Segment Start: Given material

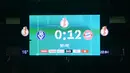Layar menunjukkan hasil akhir 0-12 setelah pertandingan sepak bola putaran pertama Piala Jerman (DFB Pokal) Bremen SV vs Bayern Munchen, di Bremen, Jerman utara (25/8/2021).  (AFP/Patrik Stollarz)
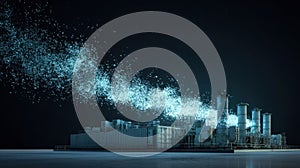 A visualization of emissions output from a cogeneration unit displaying its nearzero emissions compared to traditional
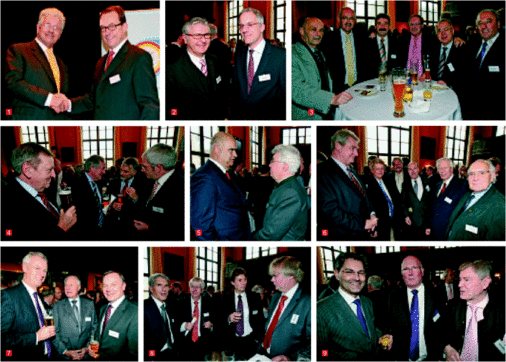 1 Besondere Wertschätzung aus berufenem Munde: Heinz Wippich vertrat die Interessen des Großhandels ebenso vehement, wie Werner Obermeier die des Handwerks2 Zeit für vertriebsstufenübergreifende Ge­sprä­che: (l.) Dr. Karl Spachmann (Geberit) und Wilhelm Schuster (Richter + Frenzel)3 SHK-Handwerksverteter unter sich (v.l.): Werner Thielen, Rainer Lunk, Martin Weisgerber, Fritz Koch, Paul Freitag und Hans-Günther Hagelgans4 Industriespitze (v.l.): Bernd Wattenberg (Siemens BT), Siegfried Weishaupt (Weishaupt), Klaus Huttelmaier (Bosch Thermotechnik) und Wolfgang Kühn (Weishaupt)5 Zum Obermeier-Abschied hielt ZDH-Präsident Otto Kentzler (l.) eine Laudatio. ­Ebenfalls gekommen war der frühere ZDH-Präsident Heribert Späth6 Mitstreiter aus der SHK-Berufs­organisation (v.l.): Wilfried Sander, Walter Wohlert, Eckhart Dencker, Michel von Bock und Polach, Rolf Richter und Erwin Weller7 Interessante Gespräche (v.l.): BDH-Präsident Klaus Jesse (Vaillant), Jochen Opländer, der in seiner Laudatio Obermeiers Heizungssachverstand ausdrücklich lobte und Jan Opländer (Wilo)8 Zuversichtlich ins Jahr 2009 (v.l.): Bernd Müller (Bemm), Georg Rump (Oventrop), Roger Schönborn (Kermi) und Dr. Uwe Schwarting vom Großhandelsverband DH Haustechnik9 Branchentreffen in München: Da wollten Adrian Willig (IWO), NRW Landesinnungsmeister Dieter Lackmann und Kölns Obermeister Werner Hirschler (v.l.) nicht fehlen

Segment End: Given material

▸ **Task requirements**
Pictures stay out; all other material above is restated word for word.

▸ **Solution to the exercise**
Layar menunjukkan hasil akhir 0-12 setelah pertandingan sepak bola putaran pertama Piala Jerman (DFB Pokal) Bremen SV vs Bayern Munchen, di Bremen, Jerman utara (25/8/2021).  (AFP/Patrik Stollarz)
 A visualization of emissions output from a cogeneration unit displaying its nearzero emissions compared to traditional
 1 Besondere Wertschätzung aus berufenem Munde: Heinz Wippich vertrat die Interessen des Großhandels ebenso vehement, wie Werner Obermeier die des Handwerks2 Zeit für vertriebsstufenübergreifende Ge­sprä­che: (l.) Dr. Karl Spachmann (Geberit) und Wilhelm Schuster (Richter + Frenzel)3 SHK-Handwerksverteter unter sich (v.l.): Werner Thielen, Rainer Lunk, Martin Weisgerber, Fritz Koch, Paul Freitag und Hans-Günther Hagelgans4 Industriespitze (v.l.): Bernd Wattenberg (Siemens BT), Siegfried Weishaupt (Weishaupt), Klaus Huttelmaier (Bosch Thermotechnik) und Wolfgang Kühn (Weishaupt)5 Zum Obermeier-Abschied hielt ZDH-Präsident Otto Kentzler (l.) eine Laudatio. ­Ebenfalls gekommen war der frühere ZDH-Präsident Heribert Späth6 Mitstreiter aus der SHK-Berufs­organisation (v.l.): Wilfried Sander, Walter Wohlert, Eckhart Dencker, Michel von Bock und Polach, Rolf Richter und Erwin Weller7 Interessante Gespräche (v.l.): BDH-Präsident Klaus Jesse (Vaillant), Jochen Opländer, der in seiner Laudatio Obermeiers Heizungssachverstand ausdrücklich lobte und Jan Opländer (Wilo)8 Zuversichtlich ins Jahr 2009 (v.l.): Bernd Müller (Bemm), Georg Rump (Oventrop), Roger Schönborn (Kermi) und Dr. Uwe Schwarting vom Großhandelsverband DH Haustechnik9 Branchentreffen in München: Da wollten Adrian Willig (IWO), NRW Landesinnungsmeister Dieter Lackmann und Kölns Obermeister Werner Hirschler (v.l.) nicht fehlen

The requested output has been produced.